Semantic Invariance in Agentic AI
TL;DR Highlight
Systematic measurement of LLM answer consistency across differently-worded versions of the same problem shows larger models are actually less stable.
Who Should Read
ML engineers evaluating LLM reliability in production, and researchers studying robustness and consistency of language model reasoning.
Core Mechanics
- Measured answer consistency by creating multiple semantically equivalent but surface-form-different versions of the same problems
- Found that LLMs frequently give different answers to the same question asked differently
- Counterintuitively, larger models show more inconsistency than smaller models on this metric
- Inconsistency is highest on tasks requiring multi-step reasoning
- The inconsistency patterns reveal that models are sensitive to specific phrasing cues rather than understanding the underlying problem
- This surface-level sensitivity is a form of brittleness that's invisible to standard accuracy benchmarks
Evidence
- Larger models (70B+) show higher inconsistency rates than 7B-13B models on same-problem paraphrase tests
- Inconsistency rates of 20-40% observed on multi-step reasoning tasks across tested models
- Statistical analysis confirms the correlation between model size and inconsistency
- Human performance on the same paraphrase pairs shows >95% consistency
How to Apply
- Add consistency testing to your LLM evaluation suite: test the same questions with multiple phrasings and measure agreement rate
- For high-stakes applications, use ensemble/majority voting across paraphrased inputs to get more reliable answers
- If model size doesn't help consistency, consider fine-tuning for robustness rather than simply scaling up
Code Example
from sentence_transformers import SentenceTransformer
from scipy.spatial.distance import cosine
model_st = SentenceTransformer('all-MiniLM-L6-v2')
def semantic_invariance_score(original_output, transformed_output, reference):
"""
Measures the robustness of outputs between the original and transformed inputs
- The closer score_delta is to 0, the higher the semantic invariance
"""
emb_orig = model_st.encode(original_output)
emb_trans = model_st.encode(transformed_output)
emb_ref = model_st.encode(reference)
score_original = 1 - cosine(emb_orig, emb_ref)

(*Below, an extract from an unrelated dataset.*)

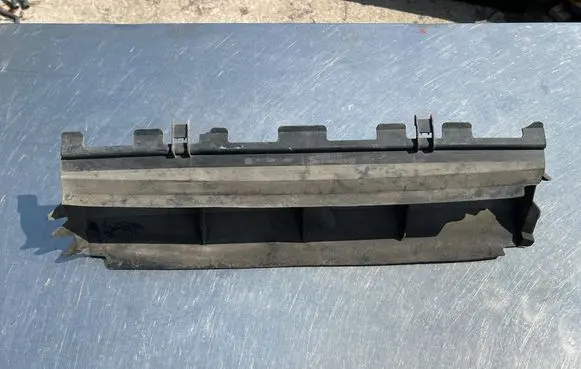 Other engine bay part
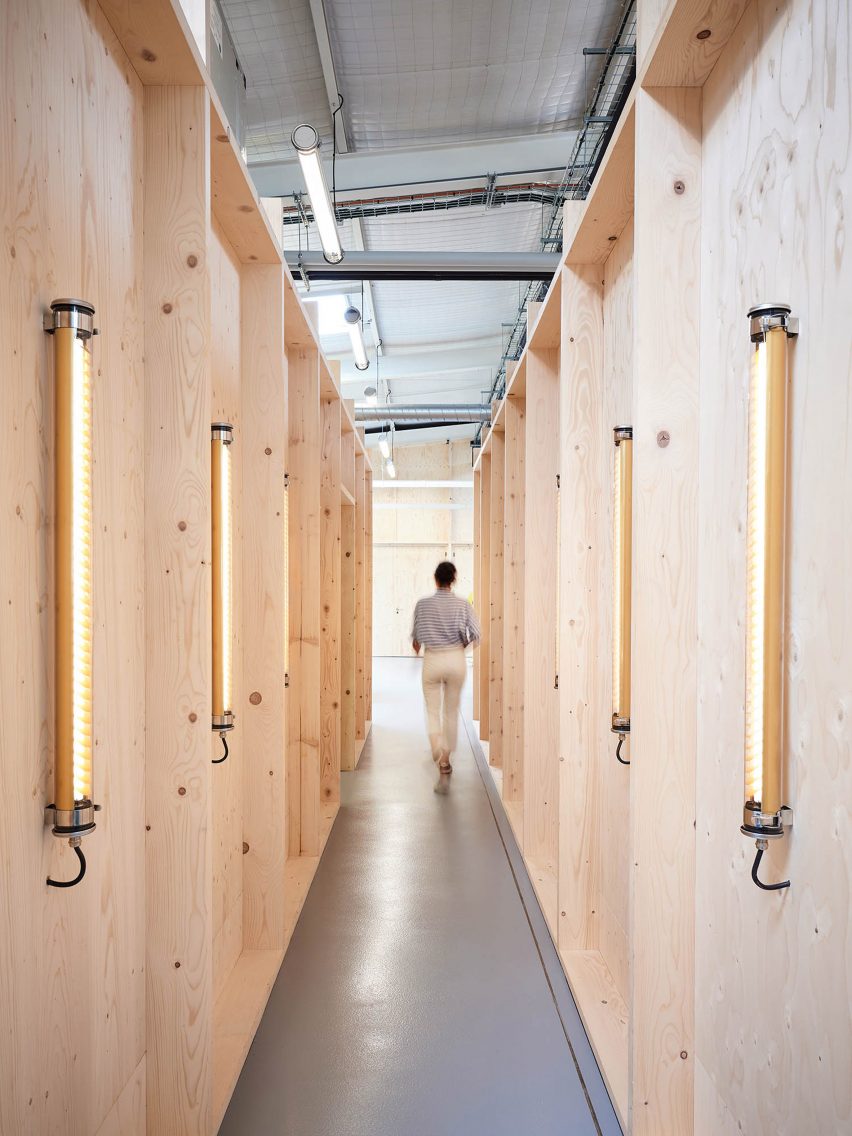 Sammode warehouse conversion by Freaks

score_transformed = 1 - cosine(emb_trans, emb_ref)
score_delta = score_transformed - score_original
trace_sim = 1 - cosine(emb_orig, emb_trans)
return {
"score_original": round(score_original, 4),
"score_transformed": round(score_transformed, 4),
"score_delta": round(score_delta, 4), # closer to 0 means more robust
"trace_similarity": round(trace_sim, 4), # closer to 1 means more consistent reasoning
"is_invariant": abs(score_delta) < 0.05 # threshold based on paper
}
# Usage example
original_problem = "A car travels 60 km/h for 2 hours. Find the distance."
paraphrased_problem = "If a vehicle moves at 60 kilometers per hour for a duration of 2 hours, what total distance does it cover?"

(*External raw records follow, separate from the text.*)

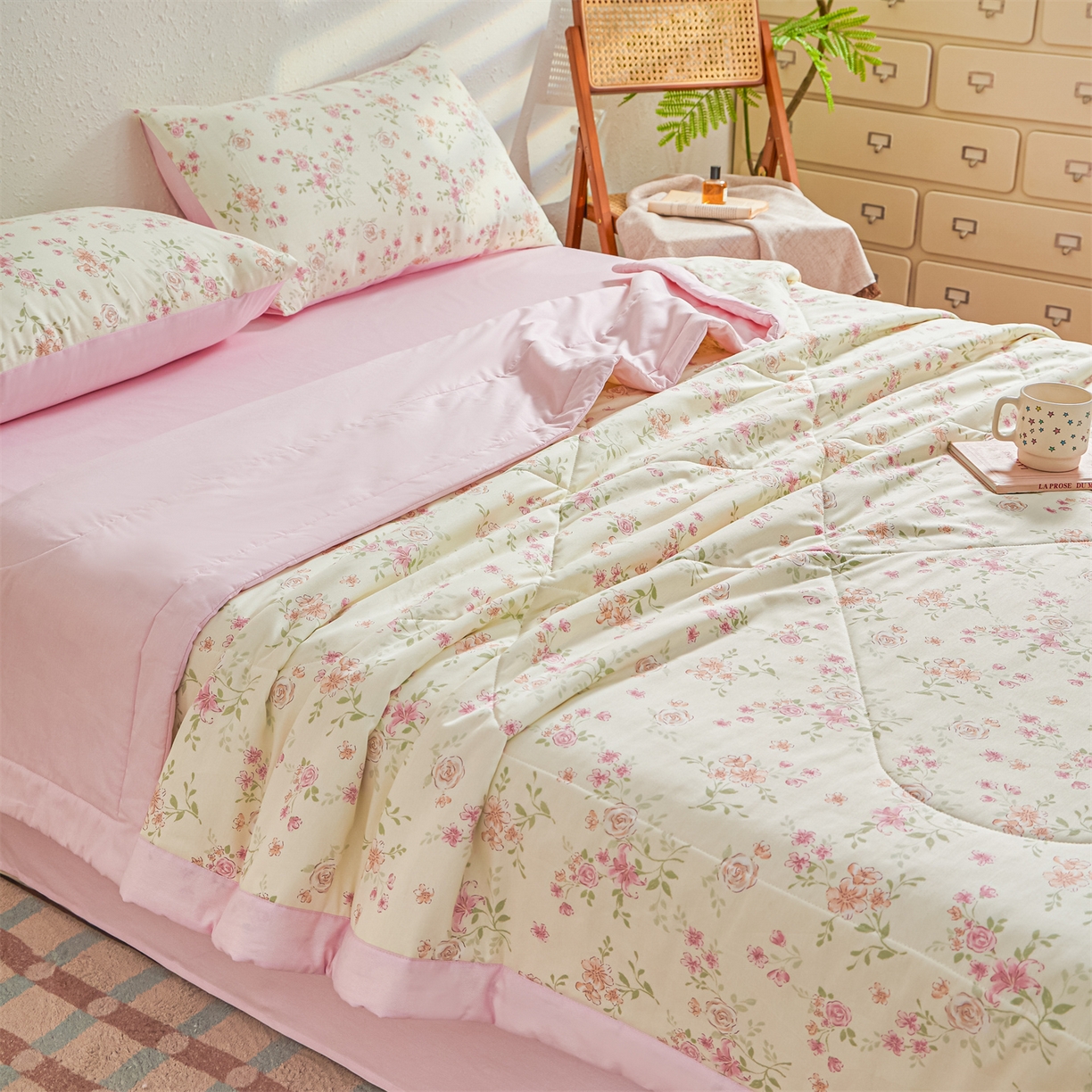 91家纺网 家纺一手货源 找家纺 小禹仔家纺 2026新款A类里外全棉印花棉花夏被 邻家小院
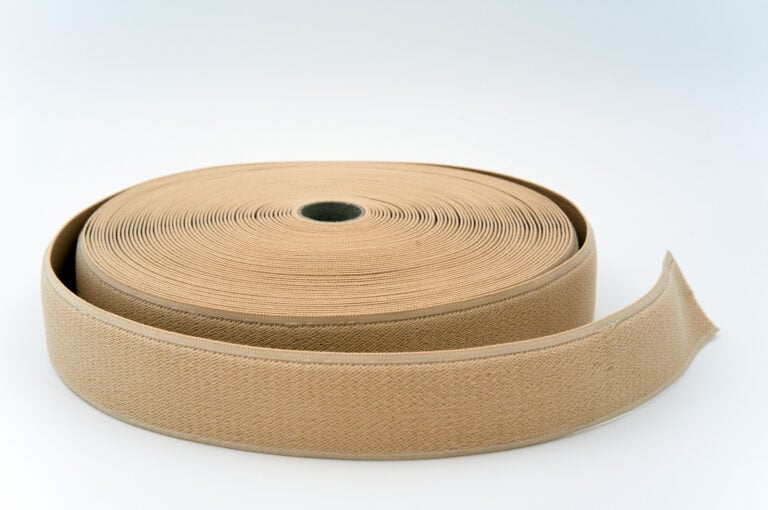 Joustava nukkanauha Paris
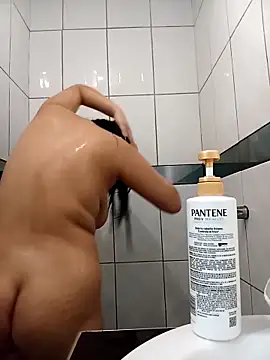 Snapshot of ladygmusic chatting on 02.10.26 ladygmusic online show from 02.10.26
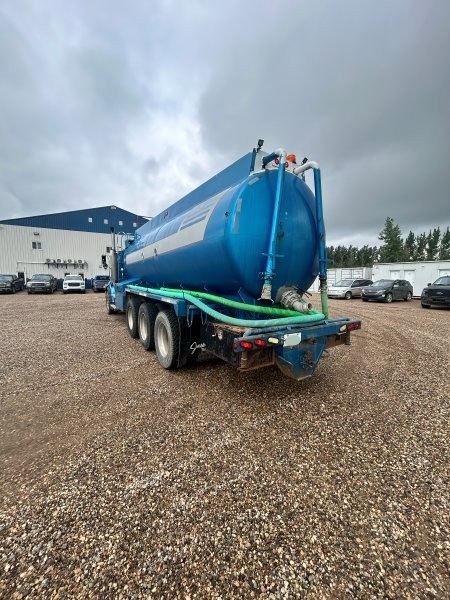  2004 Freightliner Water Truck at Conquest Equipment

# Compare outputs after LLM call
original_answer = "The distance is 120 km."
transformed_answer = "The car covers 120 kilometers."
reference = "Distance = speed × time = 60 × 2 = 120 km"
result = semantic_invariance_score(original_answer, transformed_answer, reference)
print(result)
# {'score_original': 0.87, 'score_transformed': 0.86, 'score_delta': -0.01, 'trace_similarity': 0.94, 'is_invariant': True}Terminology
Original Abstract (Expand)
Large Language Models (LLMs) increasingly serve as autonomous reasoning agents in decision support, scientific problem-solving, and multi-agent coordination systems. However, deploying LLM agents in consequential applications requires assurance that their reasoning remains stable under semantically equivalent input variations, a property we term semantic invariance.Standard benchmark evaluations, which assess accuracy on fixed, canonical problem formulations, fail to capture this critical reliability dimension. To address this shortcoming, in this paper we present a metamorphic testing framework for systematically assessing the robustness of LLM reasoning agents, applying eight semantic-preserving transformations (identity, paraphrase, fact reordering, expansion, contraction, academic context, business context, and contrastive formulation) across seven foundation models spanning four distinct architectural families: Hermes (70B, 405B), Qwen3 (30B-A3B, 235B-A22B), DeepSeek-R1, and gpt-oss (20B, 120B). Our evaluation encompasses 19 multi-step reasoning problems across eight scientific domains. The results reveal that model scale does not predict robustness: the smaller Qwen3-30B-A3B achieves the highest stability (79.6% invariant responses, semantic similarity 0.91), while larger models exhibit greater fragility.